Override precedence of operator in Julia

Question

In electrical engineering the parallel connection of impedances could be expressed by the parallel operator ∥. For a vector of impedances z[k] the following function can be defined:

function ∥(z...)
    ypar = 0
    for k=1:length(z)
        ypar = ypar + 1/z[k]
    end
    return 1/ypar
end

The precedence of Julia operators is defined in https://github.com/JuliaLang/julia/blob/master/src/julia-parser.scm. The parallel operator ∥ is defined on the same precedence level as relational operators. Consider the following examples:

julia> Base.operator_precedence(:∥)
6
julia> Base.operator_precedence(:+)
9
julia> Base.operator_precedence(:*)
11
julia> Base.operator_precedence(:^)
13

In the simple case of two impedances z[1] and z[2] the parallel impedance is equal to z[1]*z[2]/(z[1]+z[2]). From my personal understanding the precedence of the parallel operator is higher or at least equal than the multiplication operator *.

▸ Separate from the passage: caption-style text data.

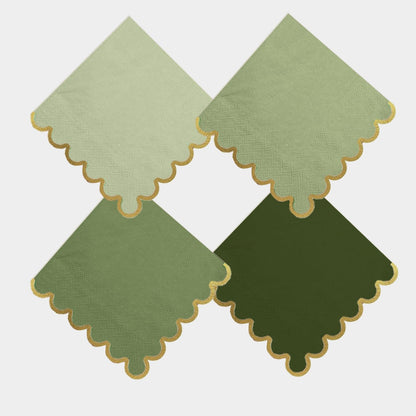 Cocktail Napkins – Scalloped Gold Foil Edge | Soft, Absorbent, Decorative Party Napkins for Weddings, Baby Showers & Events - 100 pack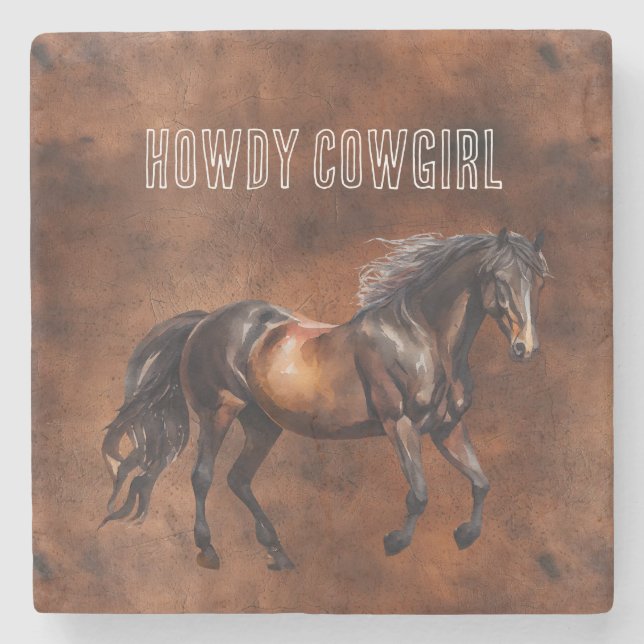 Western Brown Horse Cowboy Cowgirl Steinuntersetzer (Vorderseite)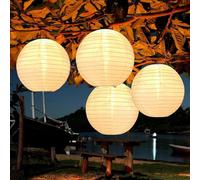Bawoo Solar Lights Outdoor Garden, 4 Pack 25cm Hanging Solar Lanterns, Warm White, Waterproof IP65 Lights Ornaments Outdoor for Garden Pathway Patio,Warmwhite
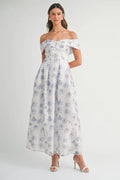 High End MABLE Floral Printed Off Shoulder Maxi Dress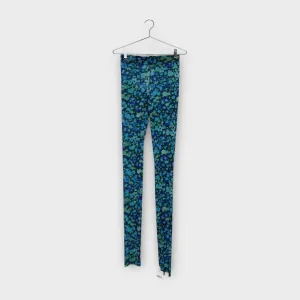 Ganni Tonal Blue Floral Mesh Tights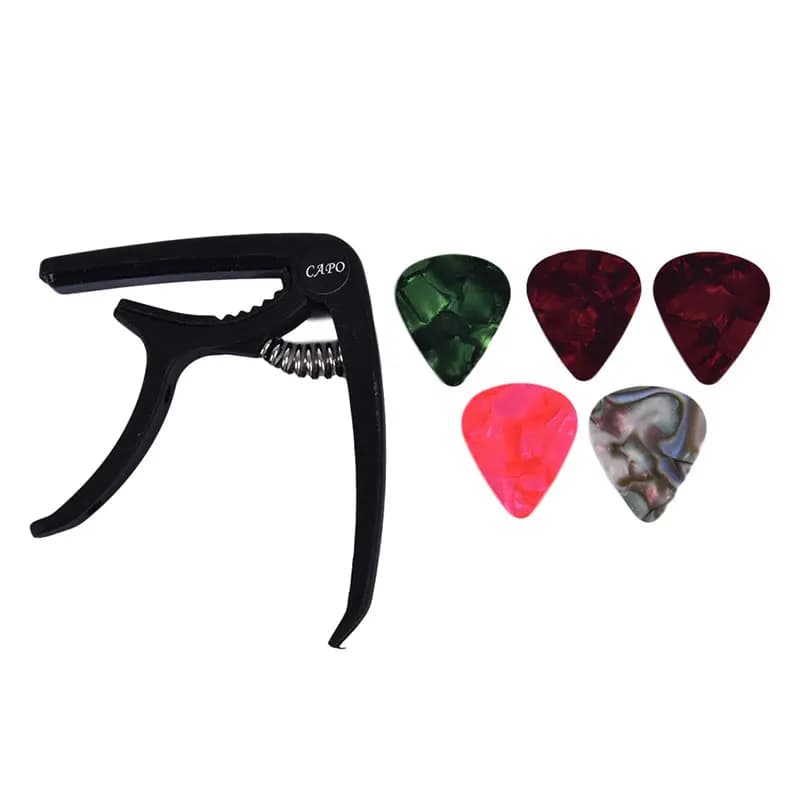{YY30} 1 capotasto per chitarra e 5 plettri per chitarra acustica ed elettrica, accessori per chitarra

My question is: how can I change the precedence of the ∥ operator from 6 to 11, 12 or 13?

Answer 1

I'll offer an answer you weren't looking for.

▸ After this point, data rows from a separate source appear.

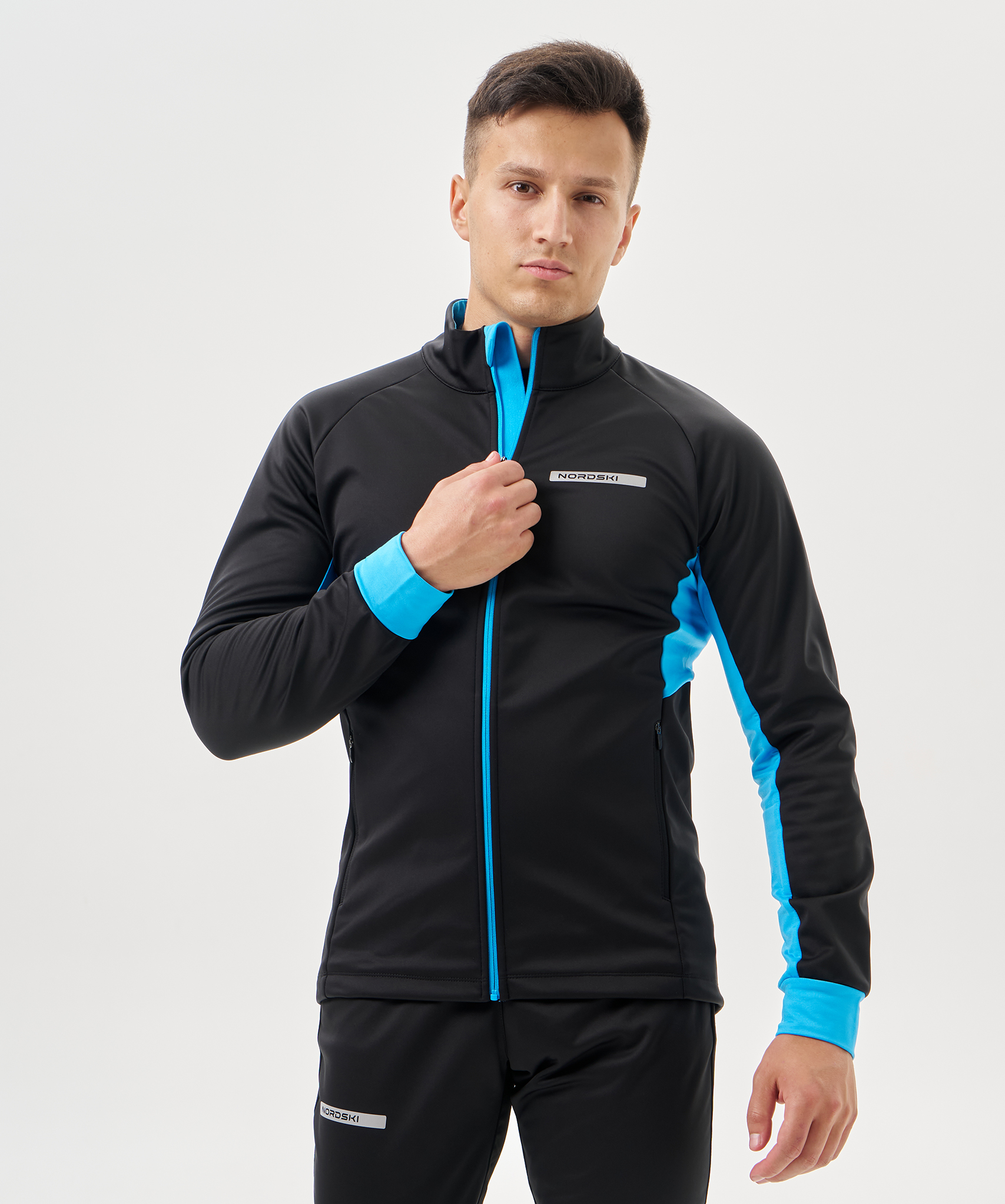 Тренировочная куртка Nordski Core Black/Light Blue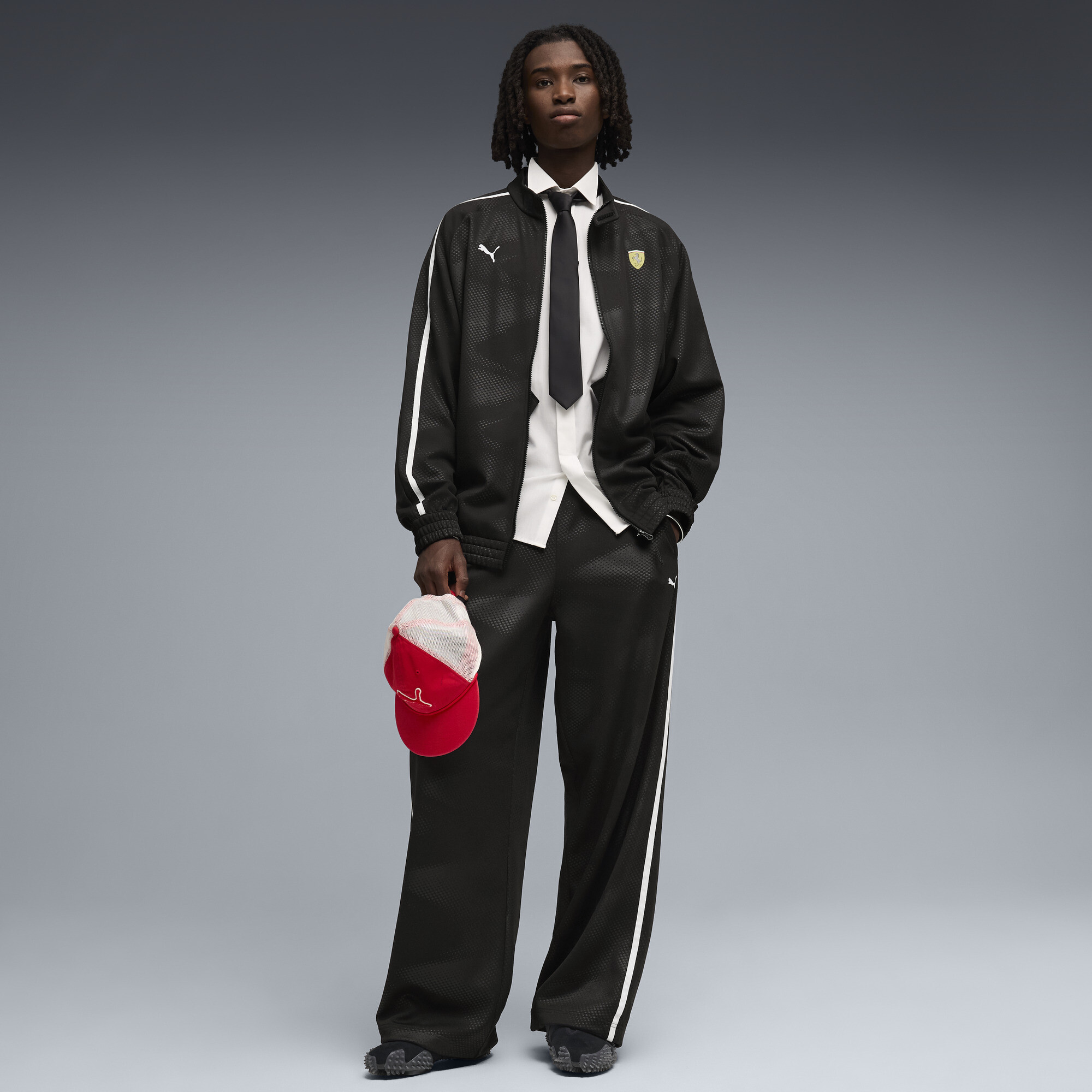 PUMA Scuderia Ferrari T7 oversized trainingsjack voor Heren, Zwart, Maat M thumbnail 2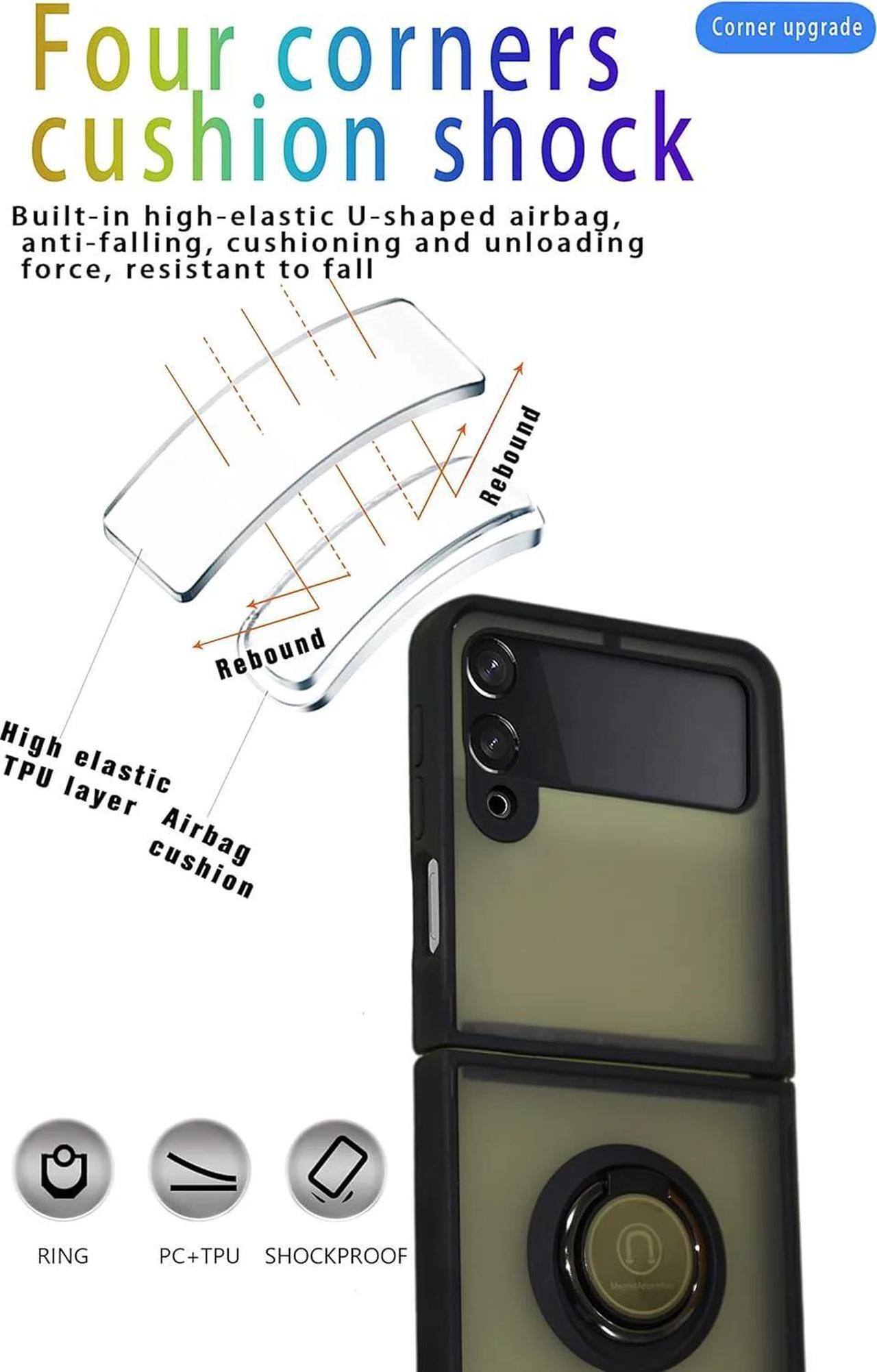 Alt view image 5 of 7 - Entronix Case Compatible with Galaxy Z Flip 4 - Matte Gripstand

This impedance calculation is often referred to as a parallel sum, which I propose you represent with the ++ operator (two sums in parallel!). This could be defined in Julia as:

++(xs...) = 1/sum(1/x for x ∈ xs)

The precedence of ++ is the same as +. This seems undesirable at first, but I will argue that it is right.

The properties of the parallel sum—commutative, associative, and distributive—are exactly the same as addition, and the identities are just inverses of each other (0 vs. ∞). Both operators represent the addition of a component, just in different arrangements. And, just as the parallel sum can be defined in terms of the regular sum as a++b == 1/(1/a+1/b), the normal sum can be defined in terms of the parallel sum as a+b == 1/(1/a++1/b).

It turns out, it's most natural to give the parallel sum the same operator precedence as the normal sum. It's unfortunate that lots of electrical engineers give it precedence other than this—clearly because they haven't thought through the operator's properties.